Desperate to make the most of it, the next morning they book a picnic tour to a desert island through the hotel desk, and get charged a 40% markup. By the time they get to the island, it is far from deserted, as at least a dozen other tours have already set up camp.


As this is our last port of call in French Polynesia, we need to sign out with the ‘gendarmes’ so we made one excursion ashore to the small town Vaitape. People saying ‘hello’ was the exception rather than the norm, more locals spoke French to each other than Tahitian and the supermarket felt a bit run down.


The owner of the yacht club, a very pleasant guy, had seemed a little paranoid about theft.


“You must park your dinghy here on the pontoon, my staff are always keeping watch. Don’t leave it on the beach.” He’d told us on the first night.


As we were filling in the numerous departure forms at the police station, a Frenchman came in to report the theft of his dinghy. He’d somehow got the paddle stuck so focused on freeing it. By the time he turned around, his dinghy had vanished. He was a little embarrassed.


I get a sense of inequality here we didn’t feel elsewhere in French Polynesia.

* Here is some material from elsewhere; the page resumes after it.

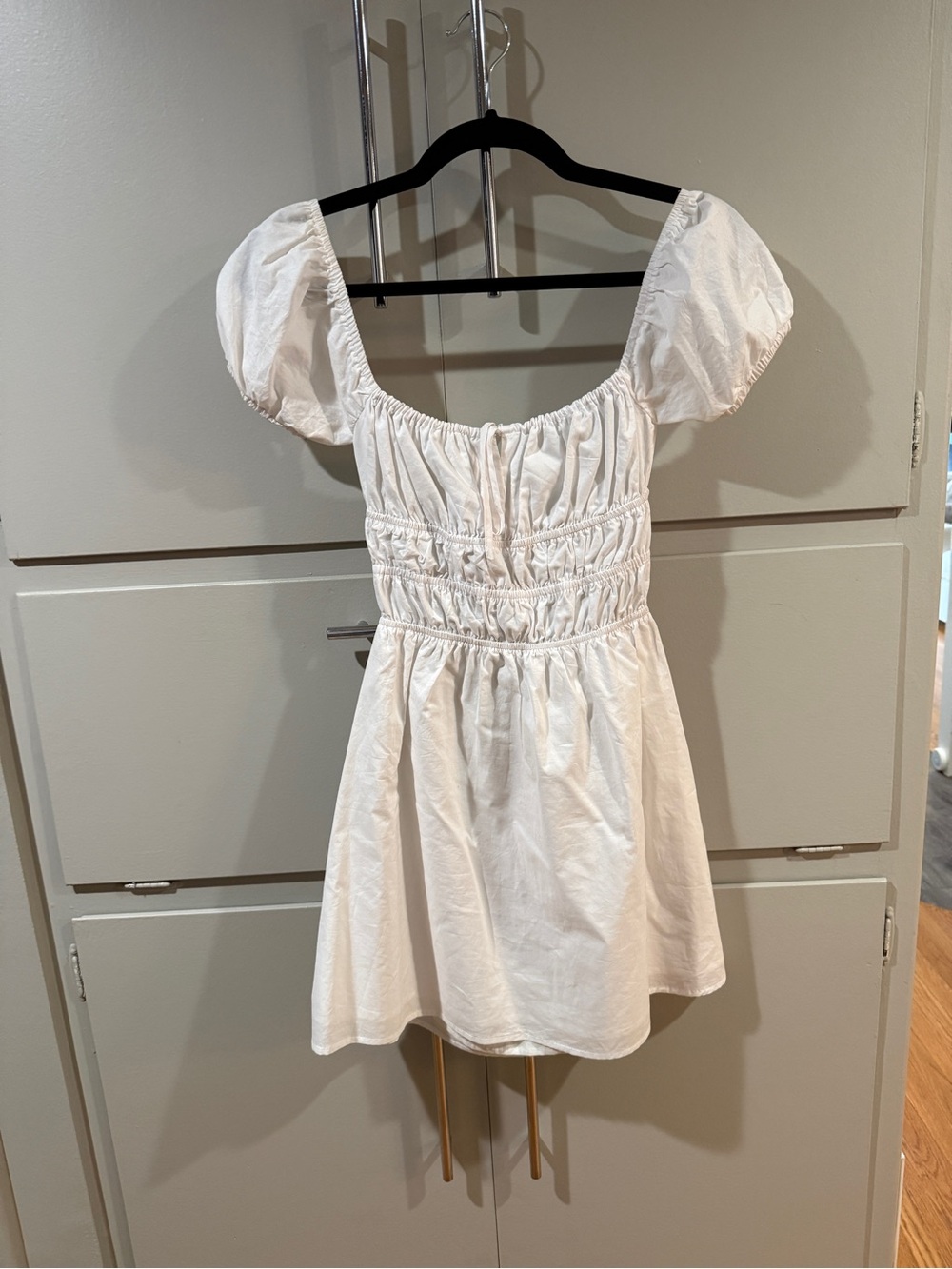 Princess Polly White Puff Sleeve Smocked Mini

There are jobs in the hotels but work in the tourism industry is generally poorly paid. The resorts are mostly owned by large hotel chains so the money bleeds back to the hotel headquarters or to some low tax fiscal paradise. In Huahine, there were few resorts and the tourism infrastructure was locally owned. 


Most Polynesians we met were remarkably uninterested in money or accumulating wealth. They had what they needed, and didn’t crave more. Maybe in Bora Bora the situation is different. 


Bora Bora was the first island to be heavily developed for tourism. The others looked on ... and decided to go a different way.